# buying a second hand car



## JAH123 (Aug 30, 2014)

After 10 years of not having a car (taxis are really cheap in Nicaragua  ) it is time to own one again.

Not wanting to spend much, around 5,000 euro it will be a second hand one which raises a of of questions like:

1 In Holland a second hand car comes with a certificate proving it mileage. Is there something similar in Spain? If so what is it called and can it be trusted?

2 If buying from a private person, what paper does the seller have to show to prove it is really his?

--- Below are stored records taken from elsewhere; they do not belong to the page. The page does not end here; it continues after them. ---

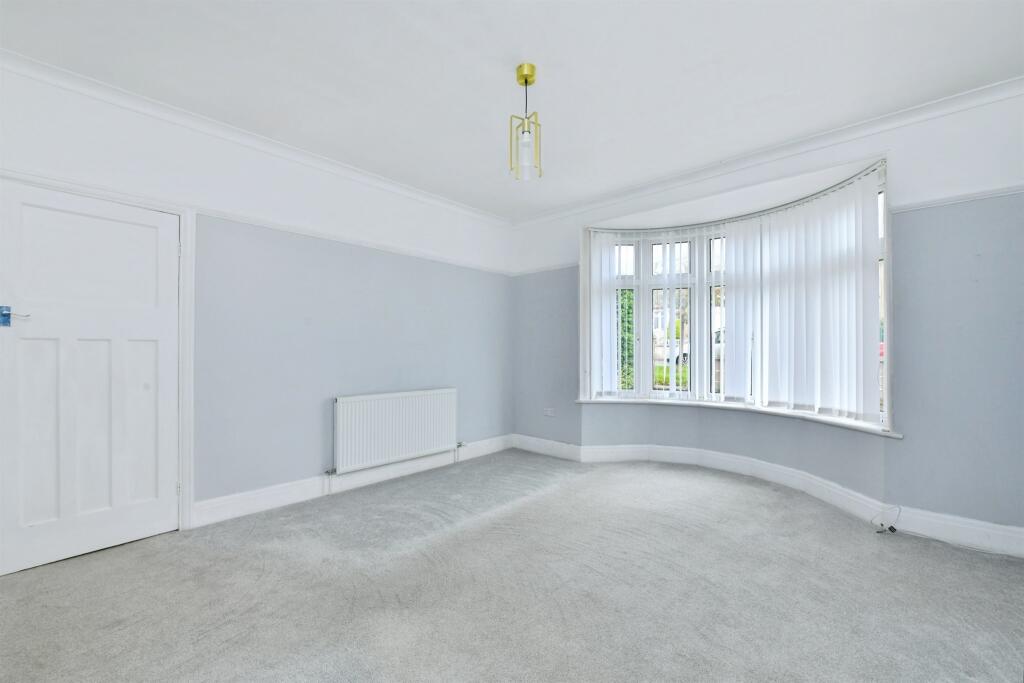 House in Plymouth - View 5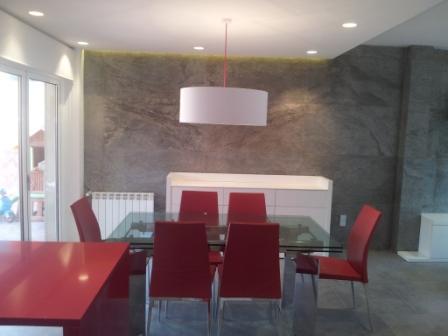 Revestimiento vertical piedra natural Stoneplus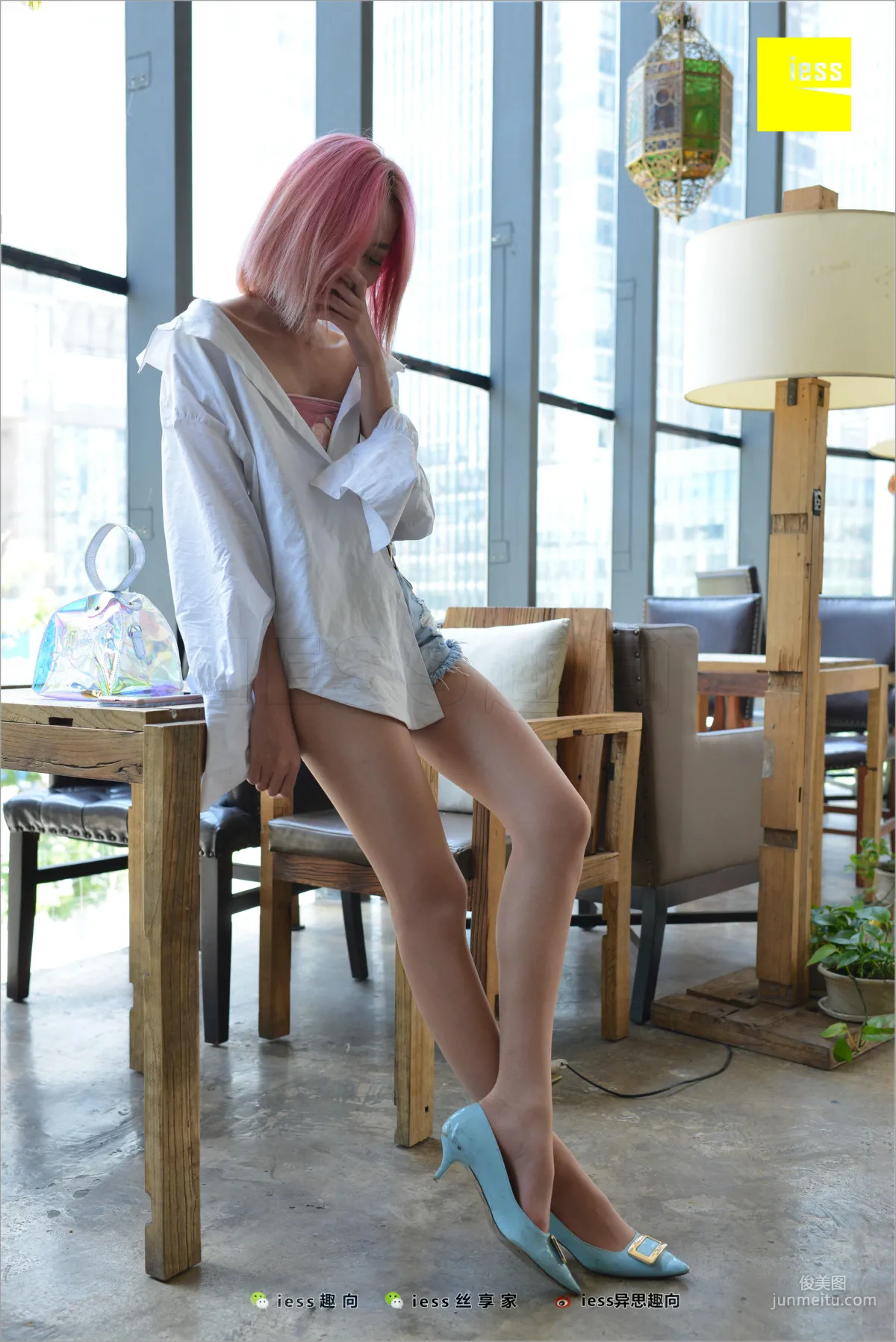 Xiao Xiao "Black Stockings Goddess's Red Blue Yellow" [IESS] Silk Stockings Bento 228 Photo Set photo 52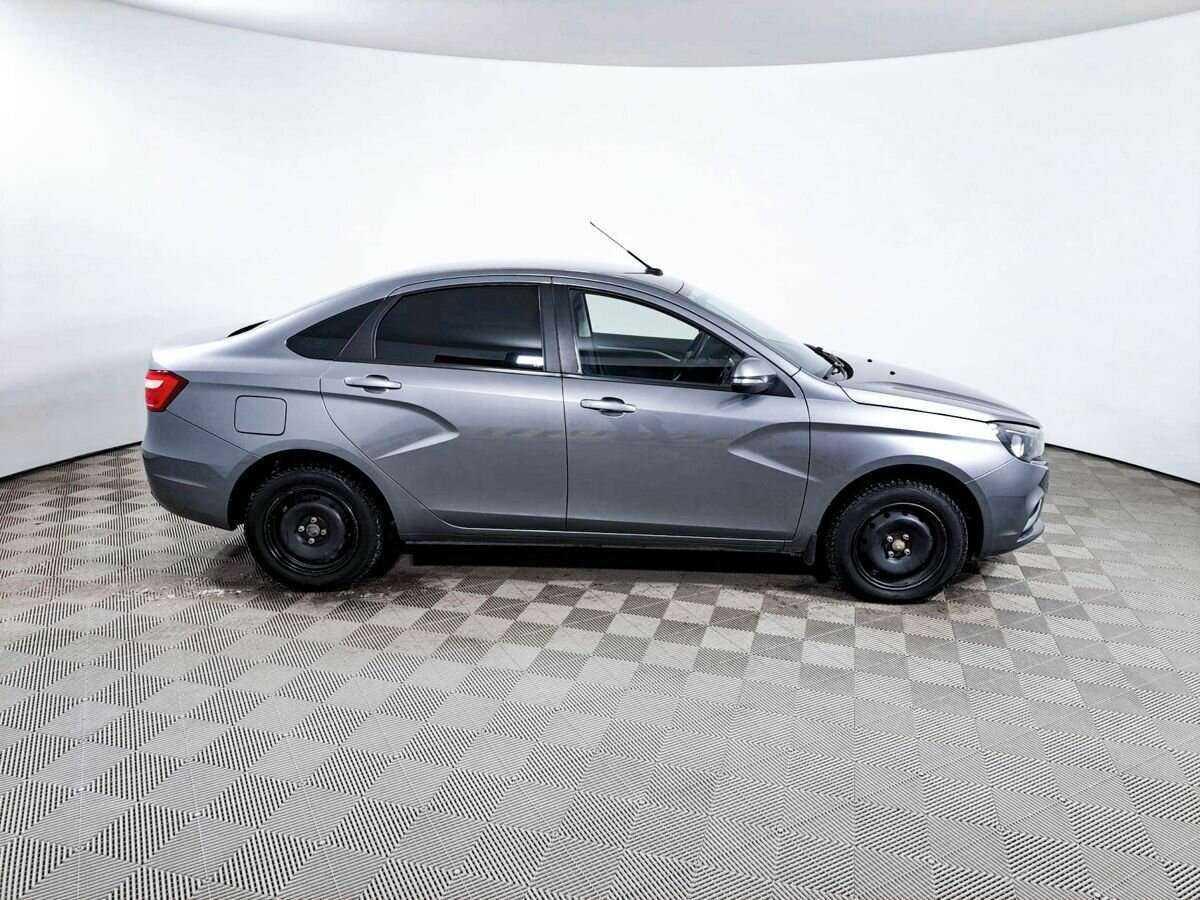 Lada (ВАЗ) Vesta с пробегом — 2020 год. Фото: #3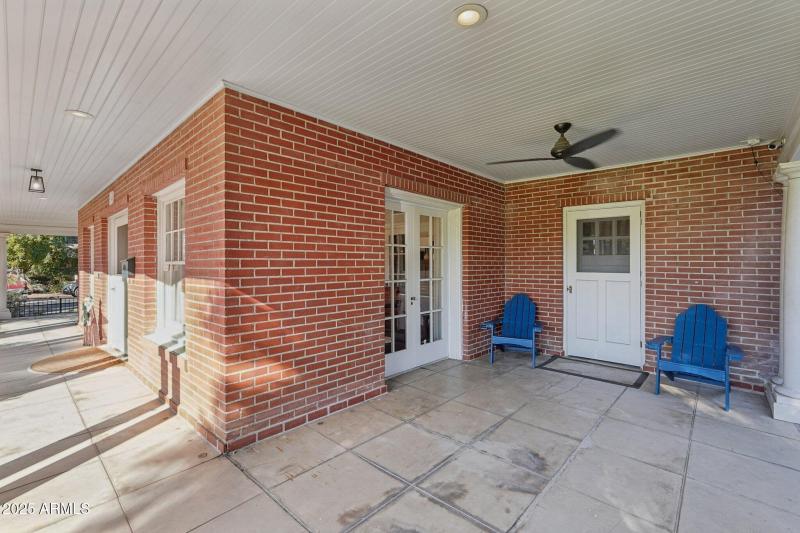 53-web-or-mls-W Lynwood St-S1412-053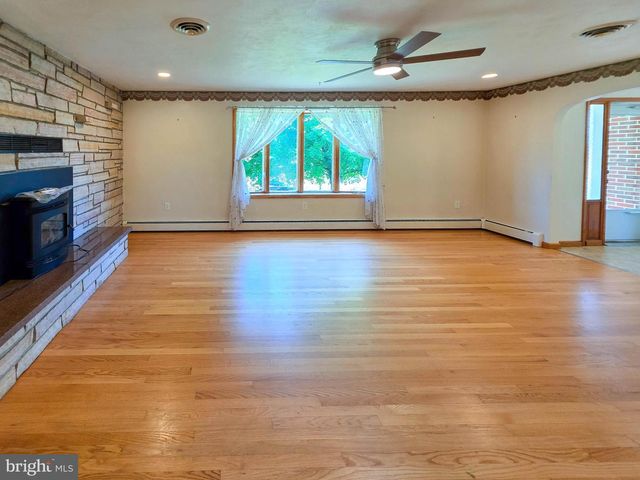 14329 WILLIAMSPORT PIKE, Greencastle, PA 17225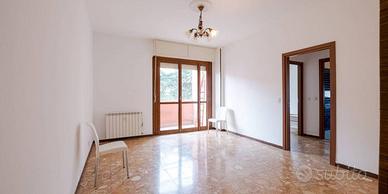 Appartamento di 82 m² con 3 locali e box auto a Mi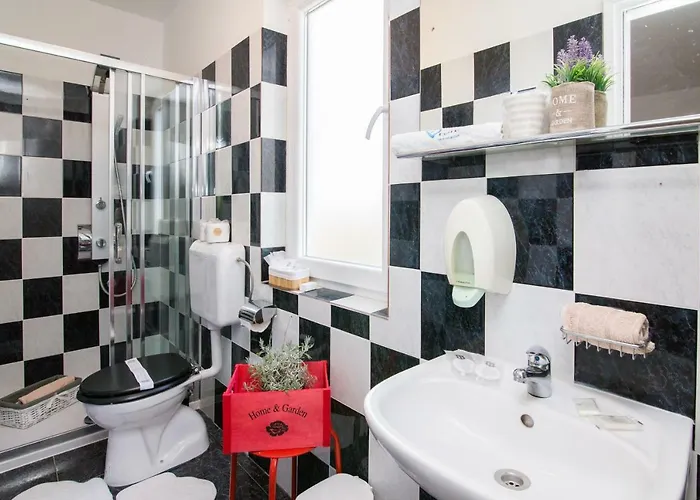 Dia - Details Make A Diference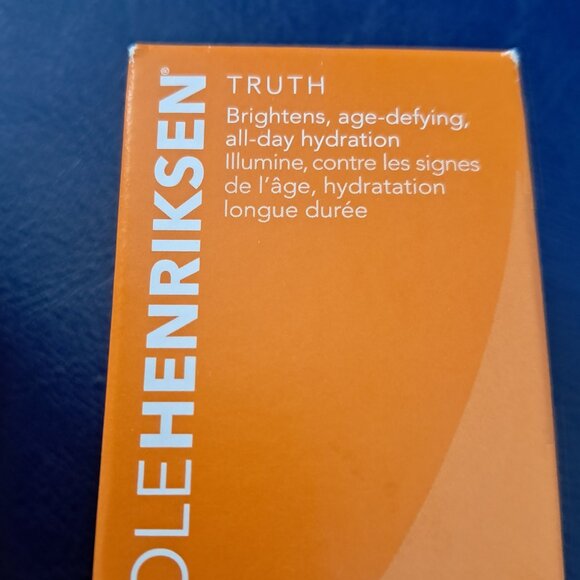 OLEHENRIKSEN Truth Serum Vitamin C 1 Oz - No Box - Picture 10 of 13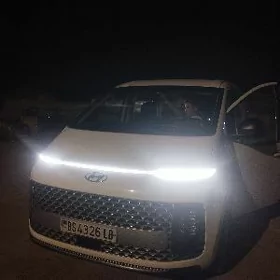 Hyundai Staria 2022
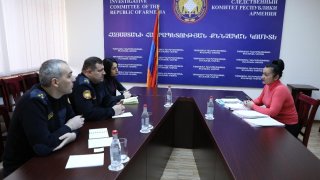 Քննչական կոմիտեի նախագահն  ընդունել և լսել է  քաղաքացու բարձրացրած հարցերը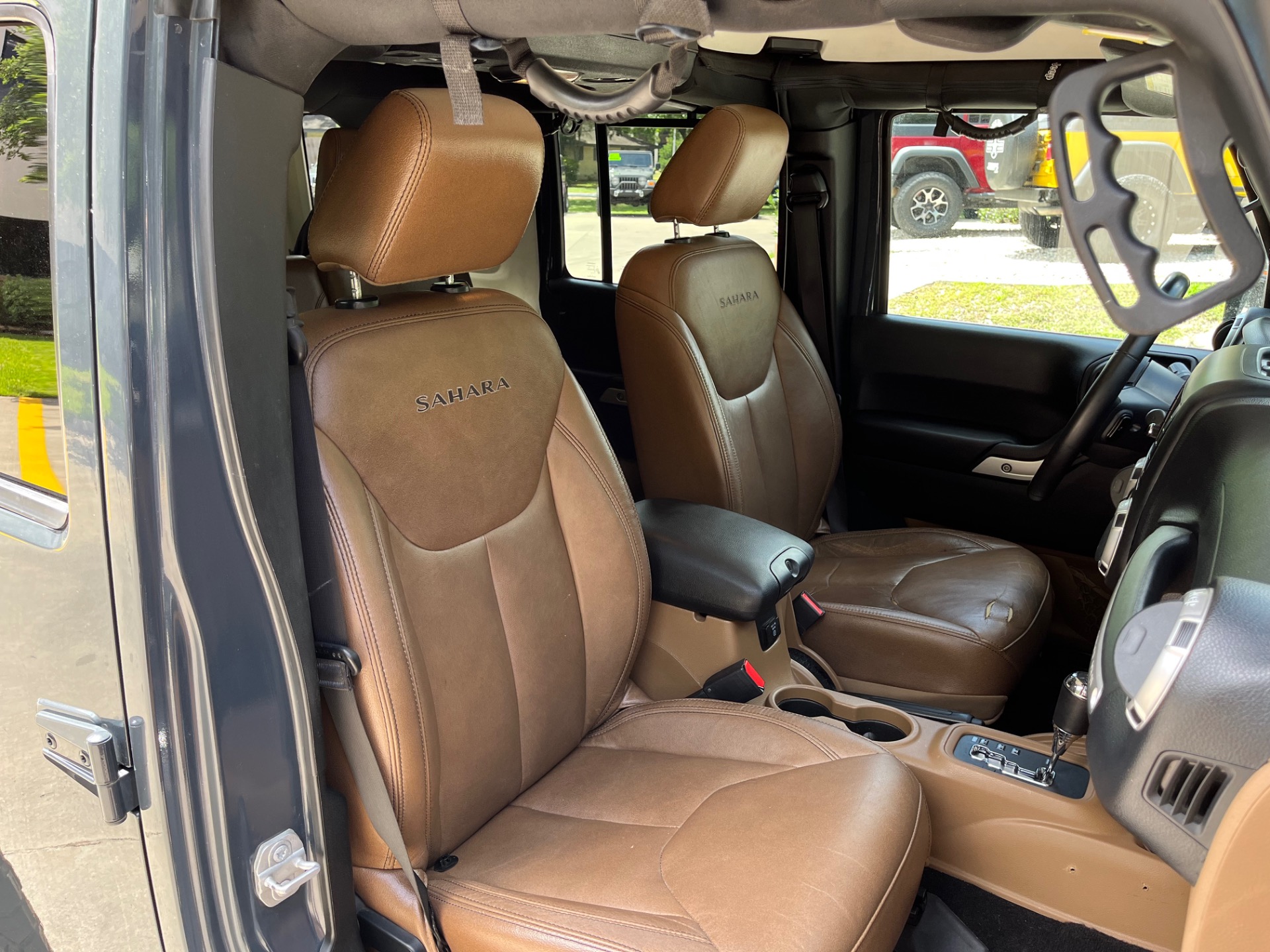 Used-2016-Jeep-Wrangler-Unlimited-Sahara (25)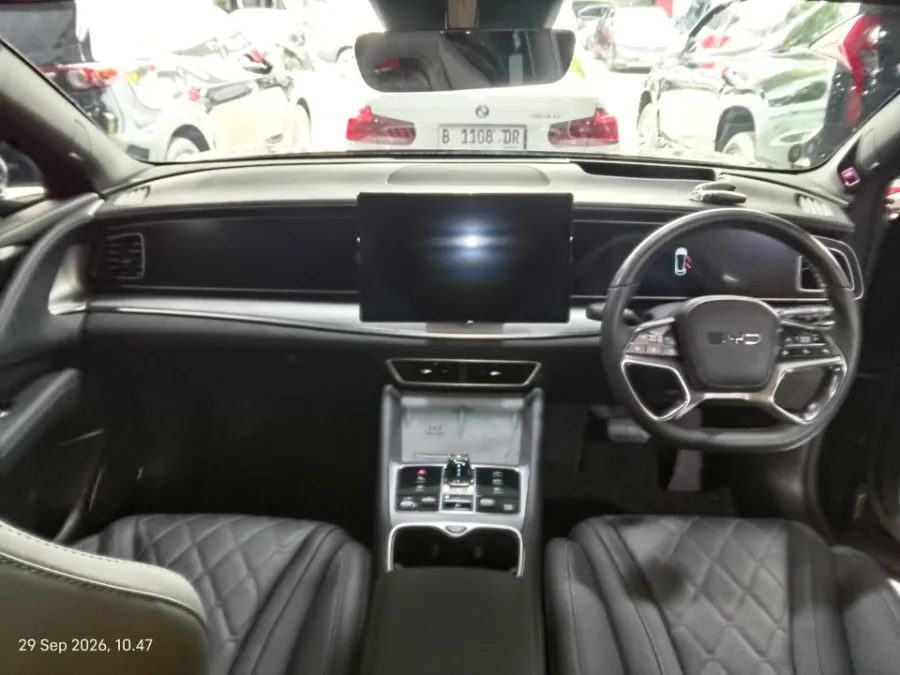 Foto Mobil Bekas Dashboard BYD Sealion Performance tahun 2025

3 Any thoughts on where to insure my car at low rates, third party damage only?

4 Common pitfalls?


Any input will be appreciated.


----------



## VFR (Dec 23, 2009)

Look at this thread ..............
http://www.expatforum.com/expats/spain-expat-forum-expats-living-spain/810962-cheap-motor.html


----------



## JAH123 (Aug 30, 2014)

Thanks, but it doesn't really answer any of my questions.


----------



## snikpoh (Nov 19, 2007)

JAH123 said:


> After 10 years of not having a car (taxis are really cheap in Nicaragua  ) it is time to own one again.
> 
> Not wanting to spend much, around 5,000 euro it will be a second hand one which raises a of of questions like:
> 
> ...


1) Service histories should show this or the ITV will show recorded mileage
2)The the legal documents show who is the legal owner. If it's not in the correct name, walk away
3) many people swear by Linea Directa but there are loads of good, Spanish insurance companies. Just remember that it's the car that's insured and not the driver.

Using a gestor will help sort out whether there are debts outstanding on the car. You can do it yourself but I would always recommend a gestor.


----------



## JAH123 (Aug 30, 2014)

Thanks,


----------